The object of the present invention is achieved like this:
The gas turbine self adaptation gas path component that the present invention combines with particle swarm optimization algorithm based on thermodynamic model
Performance diagnogtics method, is characterized in that:
(1) gas circuit when newly putting into operation based on object gas turbine or be healthy is measured parameter and is set up gas turbine non-thread
Property thermodynamic model, wherein compressor all represents by similar reduced parameters form with turbine;
(2) redefine the gas circuit health index of compressor and turbine with similar reduced parameters, eliminate due to ring
The impact that border condition changes and causes gas turbine operation performance to change;
(3) gas circuit of period when gathering existing object gas turbine stable operation measures parameter, carries out
After noise reduction process, the gas circuit as diagnosis to be taken off-line measures parameter;
(4) the environment initial conditions of the gas turbine heating power model set up is set and operates initial conditions and adopt
Object gas turbine operation operating mode during sample is consistent, eliminates owing to environmental condition and operating condition change and cause
The impact of gas turbine operation performance change;
(5) measure with the gas circuit of diagnosis to be taken off-line between the gas path parameter data of parameter and thermodynamic model calculating
Root-mean-square error is object function, obtains each current portion by particle swarm optimization algorithm iteration optimizing
The gas circuit health index of part, in order to the performance health status that evaluation object gas turbine is actual.

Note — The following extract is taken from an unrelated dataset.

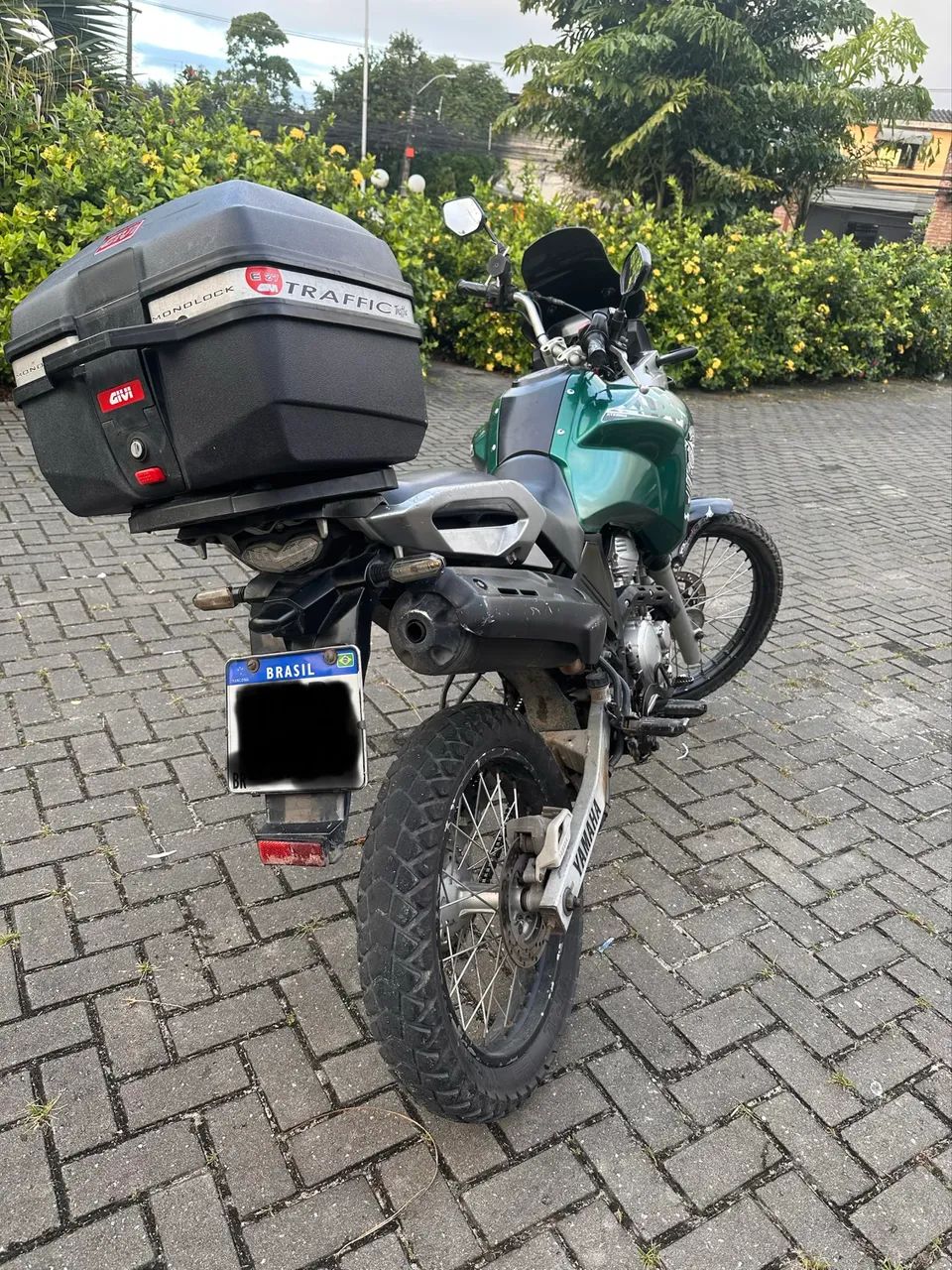 Tenere 250  - Foto 3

The present invention can also include:
1, step (1) sets up specifically comprising the following steps that of gas turbine Nonlinear Thermal model
A () utilizes parts relative to reduced parameters, set up gas turbine component level thermodynamic model, wherein compressor
General relative reduced parameters form is become with turbine characteristic line data compilation:
It is as follows that compressor characteristic curves is organized into general similar reduced parameters form:
GC,cor,rel=f (ncor,rel,πC,rel)
ηC,rel=f (ncor,rel,πC,rel)
WhereinFor relatively converting into rotating speed, n is actual speed,Enter for compressor
Mouth stagnation temperature, RgFor flowing through the gas constant of compressor working medium, subscript 0 represents design point;
For relative corrected flow, GCFor actual compressor inlet stream
Amount,For compressor inlet stagnation pressure,For relative pressure ratio, πCFor actual compressor pressure ratio,
ηC,rel=ηC/ηC0For relative isentropic efficiency, ηCFor actual compressor isentropic efficiency;
It is as follows that turbine characteristic line is organized into general similar reduced parameters form:
GT,cor,rel=f (ncor,rel,πT,rel)
ηT,rel=f (ncor,rel,πT,rel)
In formula:For relatively converting into rotating speed, n is actual speed,For thoroughly
Flat entrance stagnation temperature, RgFor flowing through the gas constant of turbine working medium,For relative corrected flow, GTFor actual turbine inlet flow rate,For relative pressure ratio, ηT,rel=ηT/ηT0For relative isentropic efficiency, ηTImitate for actual turbine constant entropy
Rate, subscript 0 represents design point;
Gas circuit when () is newly put into operation according to the object gas turbine gathered or be healthy b measures parameter, progressively revises
The characteristic line data of all parts, make the value of calculation of built gas turbine heating power model survey parameter with gas circuit
Match, thus eliminate thermodynamic model and calculate the negatively influencing that error is brought to diagnostic result.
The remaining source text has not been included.